Editorial

Cadena perpetua

El esfuerzo debiera orientarse a garantizar el respeto de los derechos de los niños en el país.

La Razón (Edición Impresa)

23:28 / 22 de mayo de 2017

Días atrás, el Vicepresidente del Estado manifestó una idea que ya provocó debate público hace tiempo, cuando en la inauguración de la Cumbre de la Justicia se abogó por instaurar la cadena perpetua en el sistema penal boliviano; solo que ahora ha aumentado la apuesta, anunciando que junto con el Presidente están elaborando una ley que lleve el tema a referéndum.

No se trata de aplicar la cadena perpetua para cualquier criminal (recuérdese que el sanguinario y corrupto exdictador Luis García Meza recibió la pena máxima, que es 30 años de prisión sin derecho a indulto), sino solo para violadores de niños y niñas cuyas fechorías acaben en muerte.

Cuando hizo el anuncio, el Vicepresidente afirmó estar “muy enojado” por la cantidad de noticias que se han conocido en las últimas semanas sobre niños y niñas víctimas de atroces formas de violencia sexual. Sin embargo, decisiones de esta envergadura no deberían ser adoptadas únicamente al calor del impulso del momento, y mucho menos si ello implica modificar la CPE, pues su artículo 188 señala claramente en su inciso II que en Bolivia “La máxima sanción penal será de treinta años de privación de libertad, sin derecho a indulto”. De allí que sea necesario trabajar un anteproyecto de ley que convoque a referéndum sobre este tema.

Además, el problema con la iniciativa no es solo la traba constitucional (que tiene que ver con derechos y garantías de las personas), sino fundamentalmente el hecho de que, de acuerdo con la filosofía garantista del Derecho, la amenaza del castigo penal no disuade a los potenciales criminales. Esta reflexión fue parte del debate constituyente, y el Defensor del Pueblo la ha recordado al reaccionar al anuncio del Vicepresidente.
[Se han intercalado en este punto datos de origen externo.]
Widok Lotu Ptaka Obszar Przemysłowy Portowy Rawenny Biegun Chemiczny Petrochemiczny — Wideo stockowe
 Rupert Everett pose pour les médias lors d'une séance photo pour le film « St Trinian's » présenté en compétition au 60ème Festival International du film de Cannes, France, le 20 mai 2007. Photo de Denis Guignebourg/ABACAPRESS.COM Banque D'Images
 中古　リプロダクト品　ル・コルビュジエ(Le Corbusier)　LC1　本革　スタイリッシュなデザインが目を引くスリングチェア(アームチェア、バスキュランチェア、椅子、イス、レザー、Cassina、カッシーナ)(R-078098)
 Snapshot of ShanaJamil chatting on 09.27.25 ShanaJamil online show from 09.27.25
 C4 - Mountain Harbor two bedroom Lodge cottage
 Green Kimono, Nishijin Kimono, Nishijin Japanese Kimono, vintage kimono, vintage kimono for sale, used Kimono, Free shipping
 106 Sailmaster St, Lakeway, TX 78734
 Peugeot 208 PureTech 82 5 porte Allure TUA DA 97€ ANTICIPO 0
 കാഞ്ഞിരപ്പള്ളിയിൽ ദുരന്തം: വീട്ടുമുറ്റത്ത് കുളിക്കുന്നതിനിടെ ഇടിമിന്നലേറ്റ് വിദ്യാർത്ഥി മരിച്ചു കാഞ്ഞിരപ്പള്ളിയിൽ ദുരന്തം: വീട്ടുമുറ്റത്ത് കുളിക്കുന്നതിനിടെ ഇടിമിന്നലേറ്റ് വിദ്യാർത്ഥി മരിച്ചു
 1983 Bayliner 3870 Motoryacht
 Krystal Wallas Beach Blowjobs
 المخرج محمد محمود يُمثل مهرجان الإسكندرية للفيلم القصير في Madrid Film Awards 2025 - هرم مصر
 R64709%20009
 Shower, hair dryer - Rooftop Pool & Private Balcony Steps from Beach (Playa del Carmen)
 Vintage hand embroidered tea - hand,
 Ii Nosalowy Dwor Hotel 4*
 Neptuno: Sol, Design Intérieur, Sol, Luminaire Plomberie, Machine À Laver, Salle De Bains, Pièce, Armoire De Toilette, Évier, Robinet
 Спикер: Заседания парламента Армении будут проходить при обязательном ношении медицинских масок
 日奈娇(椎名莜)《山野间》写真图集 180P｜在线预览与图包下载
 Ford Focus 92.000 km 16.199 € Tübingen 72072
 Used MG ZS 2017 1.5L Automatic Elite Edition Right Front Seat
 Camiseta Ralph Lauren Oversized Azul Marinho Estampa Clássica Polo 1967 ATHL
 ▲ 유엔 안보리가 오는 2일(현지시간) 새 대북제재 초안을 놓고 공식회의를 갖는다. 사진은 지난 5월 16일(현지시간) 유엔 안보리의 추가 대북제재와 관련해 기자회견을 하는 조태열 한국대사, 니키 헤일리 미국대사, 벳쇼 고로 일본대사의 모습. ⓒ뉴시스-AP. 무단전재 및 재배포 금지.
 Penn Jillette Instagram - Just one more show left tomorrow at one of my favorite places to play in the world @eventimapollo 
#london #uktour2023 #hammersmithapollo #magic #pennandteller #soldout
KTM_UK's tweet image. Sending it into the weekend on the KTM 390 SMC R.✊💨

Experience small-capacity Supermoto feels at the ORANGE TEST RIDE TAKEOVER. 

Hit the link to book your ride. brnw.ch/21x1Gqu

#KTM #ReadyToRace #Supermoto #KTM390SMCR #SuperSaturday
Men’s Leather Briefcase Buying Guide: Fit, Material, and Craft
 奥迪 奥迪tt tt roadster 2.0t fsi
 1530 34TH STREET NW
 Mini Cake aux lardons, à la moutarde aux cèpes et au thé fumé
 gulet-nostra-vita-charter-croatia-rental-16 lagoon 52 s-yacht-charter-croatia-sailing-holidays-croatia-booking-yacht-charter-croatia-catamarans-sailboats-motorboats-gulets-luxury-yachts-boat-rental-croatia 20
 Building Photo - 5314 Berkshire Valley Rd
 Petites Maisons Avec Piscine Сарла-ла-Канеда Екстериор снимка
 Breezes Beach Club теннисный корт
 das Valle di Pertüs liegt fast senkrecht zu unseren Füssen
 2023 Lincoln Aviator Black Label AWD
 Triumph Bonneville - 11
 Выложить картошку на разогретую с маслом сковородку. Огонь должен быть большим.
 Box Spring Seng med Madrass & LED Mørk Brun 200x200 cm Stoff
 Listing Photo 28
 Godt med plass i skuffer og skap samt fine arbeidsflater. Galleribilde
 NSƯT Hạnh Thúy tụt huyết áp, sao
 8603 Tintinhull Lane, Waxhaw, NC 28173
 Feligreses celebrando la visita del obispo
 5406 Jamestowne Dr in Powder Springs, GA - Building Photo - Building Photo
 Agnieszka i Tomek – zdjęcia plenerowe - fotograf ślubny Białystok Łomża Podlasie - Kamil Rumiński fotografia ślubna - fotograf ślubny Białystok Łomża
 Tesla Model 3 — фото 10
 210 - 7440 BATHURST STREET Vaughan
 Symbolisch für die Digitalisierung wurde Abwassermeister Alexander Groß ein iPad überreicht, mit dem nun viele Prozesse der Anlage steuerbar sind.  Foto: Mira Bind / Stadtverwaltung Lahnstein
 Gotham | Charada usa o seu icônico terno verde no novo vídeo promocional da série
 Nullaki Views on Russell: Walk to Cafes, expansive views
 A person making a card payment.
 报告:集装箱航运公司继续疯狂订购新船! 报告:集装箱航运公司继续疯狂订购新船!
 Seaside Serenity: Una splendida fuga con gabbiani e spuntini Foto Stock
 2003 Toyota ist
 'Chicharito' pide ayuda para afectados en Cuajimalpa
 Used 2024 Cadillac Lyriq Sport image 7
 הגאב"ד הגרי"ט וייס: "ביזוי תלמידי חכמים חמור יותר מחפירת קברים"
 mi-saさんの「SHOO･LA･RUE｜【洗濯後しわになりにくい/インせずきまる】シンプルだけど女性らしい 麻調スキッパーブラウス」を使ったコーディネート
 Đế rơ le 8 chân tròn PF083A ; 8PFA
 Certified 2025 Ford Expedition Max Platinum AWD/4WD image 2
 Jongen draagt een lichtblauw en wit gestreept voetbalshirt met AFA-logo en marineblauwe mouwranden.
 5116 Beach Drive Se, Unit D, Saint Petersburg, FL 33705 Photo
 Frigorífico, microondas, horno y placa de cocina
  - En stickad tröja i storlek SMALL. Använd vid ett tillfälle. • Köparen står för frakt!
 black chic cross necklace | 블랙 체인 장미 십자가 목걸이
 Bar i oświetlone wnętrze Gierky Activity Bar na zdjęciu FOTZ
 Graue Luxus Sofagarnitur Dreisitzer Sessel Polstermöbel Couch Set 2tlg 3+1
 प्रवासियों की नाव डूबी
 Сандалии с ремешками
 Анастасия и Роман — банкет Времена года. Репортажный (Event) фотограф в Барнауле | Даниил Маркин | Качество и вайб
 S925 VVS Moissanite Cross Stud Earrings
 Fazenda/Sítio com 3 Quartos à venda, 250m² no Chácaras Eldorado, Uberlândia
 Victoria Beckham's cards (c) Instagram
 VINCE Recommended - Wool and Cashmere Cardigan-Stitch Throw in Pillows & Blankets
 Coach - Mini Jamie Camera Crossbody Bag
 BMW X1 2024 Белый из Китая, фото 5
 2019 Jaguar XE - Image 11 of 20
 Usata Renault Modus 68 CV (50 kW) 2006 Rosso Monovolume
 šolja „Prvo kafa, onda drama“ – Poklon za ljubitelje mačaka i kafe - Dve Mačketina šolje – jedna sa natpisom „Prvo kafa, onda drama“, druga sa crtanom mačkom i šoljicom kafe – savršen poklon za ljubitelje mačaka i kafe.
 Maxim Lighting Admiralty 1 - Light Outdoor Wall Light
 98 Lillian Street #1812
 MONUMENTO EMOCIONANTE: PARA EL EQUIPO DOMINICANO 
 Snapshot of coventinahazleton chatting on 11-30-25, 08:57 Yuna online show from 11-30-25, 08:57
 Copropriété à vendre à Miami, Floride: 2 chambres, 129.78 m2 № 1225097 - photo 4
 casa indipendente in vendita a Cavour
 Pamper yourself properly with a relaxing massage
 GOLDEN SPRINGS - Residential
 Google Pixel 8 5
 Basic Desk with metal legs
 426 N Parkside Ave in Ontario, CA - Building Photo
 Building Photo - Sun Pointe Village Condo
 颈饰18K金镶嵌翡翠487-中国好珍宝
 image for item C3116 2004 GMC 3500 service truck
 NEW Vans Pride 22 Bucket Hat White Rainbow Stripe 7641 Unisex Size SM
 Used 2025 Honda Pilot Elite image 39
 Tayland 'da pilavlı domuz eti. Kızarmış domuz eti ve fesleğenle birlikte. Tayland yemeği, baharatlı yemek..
A su vez, organizaciones que trabajan en materia de derechos de la niñez y la infancia también se han manifestado recordando que el mandar a violadores a prisión, incluso si fuera a cadena perpetua, no resuelve el problema, y que más bien el esfuerzo debiera ponerse en garantizar la implementación del Código Niña, Niño y Adolescente y las políticas públicas que debieran inspirarse en esta norma.

Finalmente, un diputado por el MAS reaccionó al anuncio vicepresidencial señalando que si se cambia la CPE “para abordar el tema de las condenas y sanciones, también se podría modificar otros puntos y llevarlos a un referéndum”, lo que podría provocar susceptibilidades en sentido de que más allá de la indignación por la ola de noticias sobre niños y niñas víctimas de violación habrían otras intenciones.

Es necesario abrir un debate público sobre este tema, tan completo y abarcador como sea posible, a fin de asegurar que la iniciativa encuentre su verdadero cauce, pues niñas y niños, y la población toda, merecen vivir en un país donde no estén en permanente riesgo solo por su edad o su sexo.